Department of Bio and Brain Engineering, KAIST, Daejeon, South Korea.
BMC Bioinformatics. 2010 Apr 16;11 Suppl 2(Suppl 2):S4. doi: 10.1186/1471-2105-11-S2-S4.
Diagnosis techniques using urine are non-invasive, inexpensive, and easy to perform in clinical settings. The metabolites in urine, as the end products of cellular processes, are closely linked to phenotypes. Therefore, urine metabolome is very useful in marker discoveries and clinical applications. However, only univariate methods have been used in classification studies using urine metabolome. Since multiple genes or proteins would be involved in developments of complex diseases such as breast cancer, multiple compounds including metabolites would be related with the complex diseases, and multivariate methods would be needed to identify those multiple metabolite markers. Moreover, because combinatorial effects among the markers can seriously affect disease developments and there also exist individual differences in genetic makeup or heterogeneity in cancer progressions, single marker is not enough to identify cancers.
We proposed classification models using multivariate classification techniques and developed an analysis procedure for classification studies using metabolome data. Through this strategy, we identified five potential urinary biomarkers for breast cancer with high accuracy, among which the four biomarker candidates were not identifiable by only univariate methods. We also proposed potential diagnosis rules to help in clinical decision making. Besides, we showed that combinatorial effects among multiple biomarkers can enhance discriminative power for breast cancer.

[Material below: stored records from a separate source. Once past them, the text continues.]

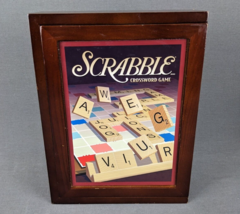 SCRABBLE Vintage Game Collection Crossword Wooden Bookshelf Wood Box New... - £16.97 GBP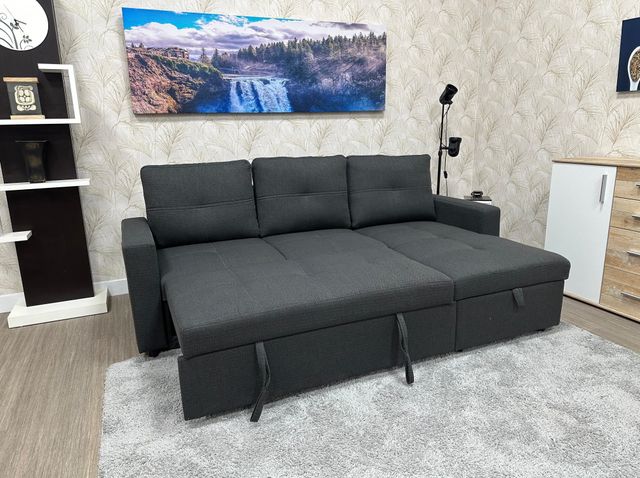 Sofá Cama Chaislongue Gris con Arcón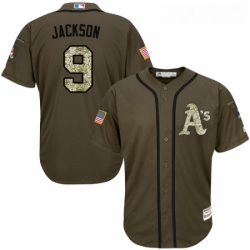 Youth Majestic Oakland Athletics 9 Reggie Jackson Authentic Green Salute to Service MLB Jersey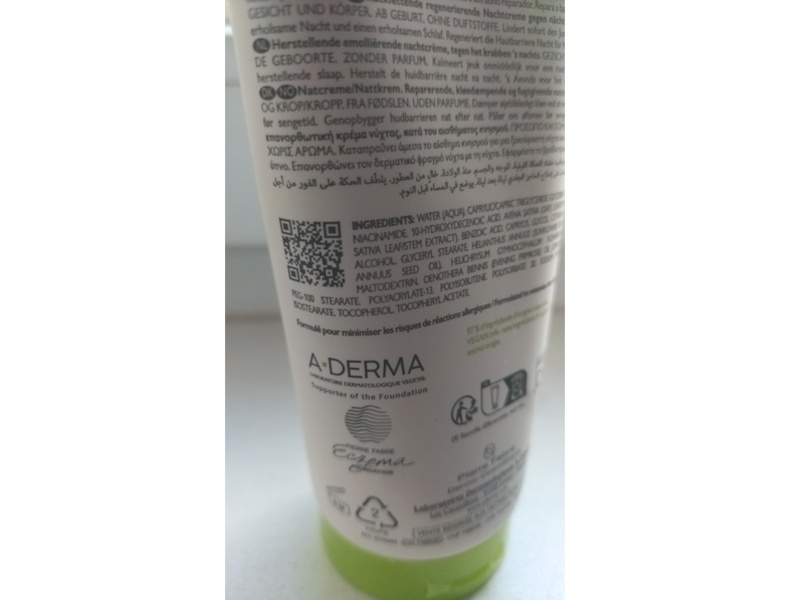 A-Derma Exomega Control Repairing Emollient Night Cream, 200 mL
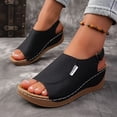 thumbnail image 4 of Modisza Summer Wedge Sandals for Women Ankle Strap Orthopedic Arch Support Shoes Comfortable Walking Rubber Sole Slides Size 6 Black, 4 of 6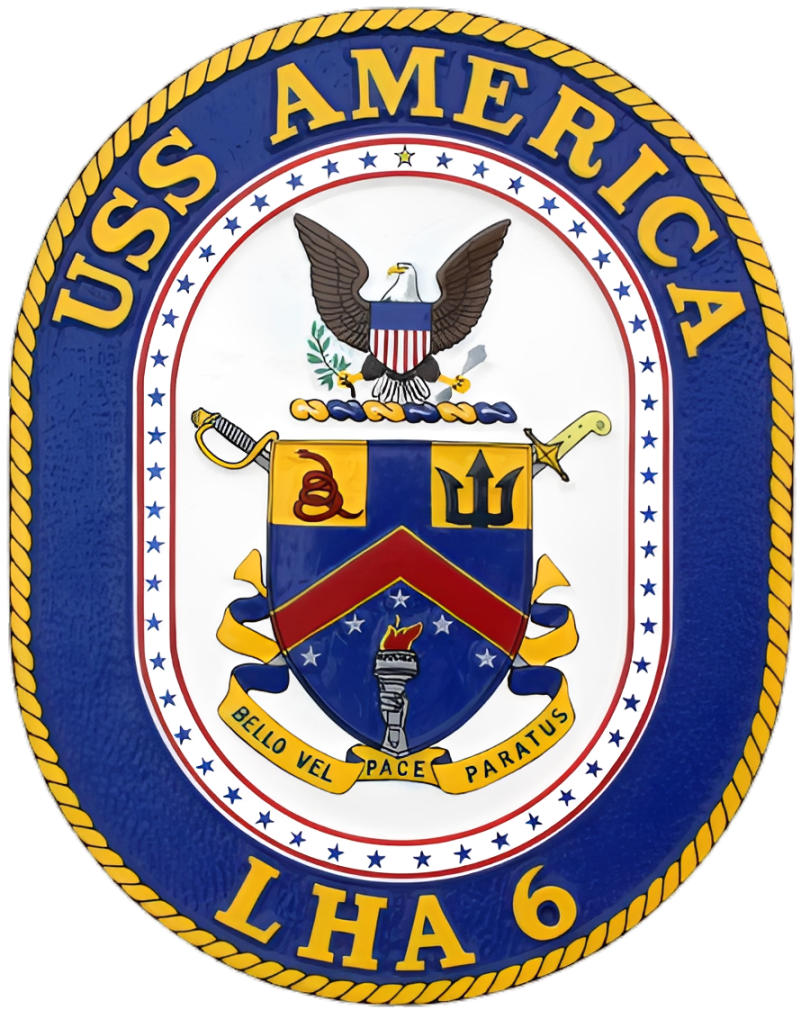 USS America LHA 6 Ship Embelm Plaque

In this study, we successfully showed that multivariate classifications are needed to precisely diagnose breast cancer. After further validation with independent cohorts and experimental confirmation, these marker candidates will likely lead to clinically applicable assays for earlier diagnoses of breast cancer.
利用尿液进行诊断的技术具有非侵入性、成本低且易于在临床环境中进行的特点。尿液中的代谢物作为细胞过程的终产物,与表型密切相关。因此,尿液代谢组在标志物发现和临床应用中非常有用。然而,在使用尿液代谢组进行分类研究中,仅使用了单变量方法。由于乳腺癌等复杂疾病的发展涉及多个基因或蛋白质,而多种化合物包括代谢物都与复杂疾病相关,因此需要使用多变量方法来识别这些多代谢物标志物。此外,由于标志物之间的组合效应可能严重影响疾病的发展,并且遗传构成或癌症进展的异质性也存在个体差异,因此单个标志物不足以识别癌症。
我们提出了使用多变量分类技术的分类模型,并开发了一种用于代谢组数据分析的分类研究分析程序。通过该策略,我们以高精度识别出了五个用于乳腺癌的潜在尿液生物标志物,其中四个生物标志物候选物无法仅通过单变量方法识别。我们还提出了潜在的诊断规则,以帮助进行临床决策。此外,我们还表明,多个标志物之间的组合效应可以增强对乳腺癌的区分能力。
在这项研究中,我们成功地表明,需要使用多变量分类来精确诊断乳腺癌。在使用独立队列进行进一步验证和实验确认后,这些候选标志物很可能会导致用于早期诊断乳腺癌的临床适用检测方法。